Top 10 Undervalued Stocks Based On Cash Flows

NameCurrent PriceFair Value (Est)Discount (Est)
Trisul (BOVESPA:TRIS3)R$4.62R$9.2249.9%
EnomotoLtd (TSE:6928)¥1472.00¥2940.2849.9%
WuXi XDC Cayman (SEHK:2268)HK$19.64HK$39.1649.8%
STAAR Surgical (NasdaqGM:STAA)US$33.09US$65.9149.8%
Manorama Industries (BSE:541974)₹836.80₹1665.5149.8%
WEX (NYSE:WEX)US$191.02US$379.6949.7%
AK Medical Holdings (SEHK:1789)HK$4.16HK$8.3250%
Carter Bankshares (NasdaqGS:CARE)US$17.30US$34.5649.9%
Hiconics Eco-energy Technology (SZSE:300048)CN¥4.34CN¥8.6549.8%
Cellnex Telecom (BME:CLNX)€34.93€69.5249.8%

Click here to see the full list of 967 stocks from our Undervalued Stocks Based On Cash Flows screener.

Let's take a closer look at a couple of our picks from the screened companies.

Turkiye Garanti Bankasi (IBSE:GARAN)

Overview: Turkiye Garanti Bankasi A.S. offers a range of banking products and services in Turkey, with a market cap of TRY471.66 billion.

Operations: The company's revenue segments include Retail Banking (TRY95.70 billion), Investment Banking (-TRY98.03 billion), and Corporate and Commercial Banking (TRY111.49 billion).

Estimated Discount To Fair Value: 41.4%

Turkiye Garanti Bankasi appears undervalued based on cash flows, trading at TRY 112.3, which is 41.4% below its estimated fair value of TRY 191.5. Recent earnings show significant growth with Q2 net income at TRY 21.87 billion compared to TRY 18.22 billion a year ago and strong revenue forecasts of 27.1% per year, outpacing the market's growth rate of 24.1%. However, it has an unstable dividend track record and slower expected earnings growth than the TR market.
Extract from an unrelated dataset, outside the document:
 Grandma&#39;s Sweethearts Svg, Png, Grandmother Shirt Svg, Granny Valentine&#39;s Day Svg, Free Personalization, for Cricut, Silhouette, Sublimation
IBSE:GARAN Discounted Cash Flow as at Sep 2024
IBSE:GARAN Discounted Cash Flow as at Sep 2024

Western Digital (NasdaqGS:WDC)

Overview: Western Digital Corporation develops, manufactures, and sells data storage devices and solutions globally, with a market cap of $22.53 billion.

Operations: Western Digital's revenue segments include $6.32 billion from Hard Disk Drives (HDD) and $6.69 billion from Flash-Based Products.

Estimated Discount To Fair Value: 25.4%

Western Digital is trading at US$65.59, significantly below its estimated fair value of US$87.9, indicating it may be undervalued based on cash flows. Despite recent insider selling and interest payments not being well covered by earnings, the company reported strong Q4 earnings with sales of US$3.76 billion and a net income turnaround to US$330 million from a loss last year. Revenue is forecasted to grow 11.2% annually, outpacing the broader market's 8.7%.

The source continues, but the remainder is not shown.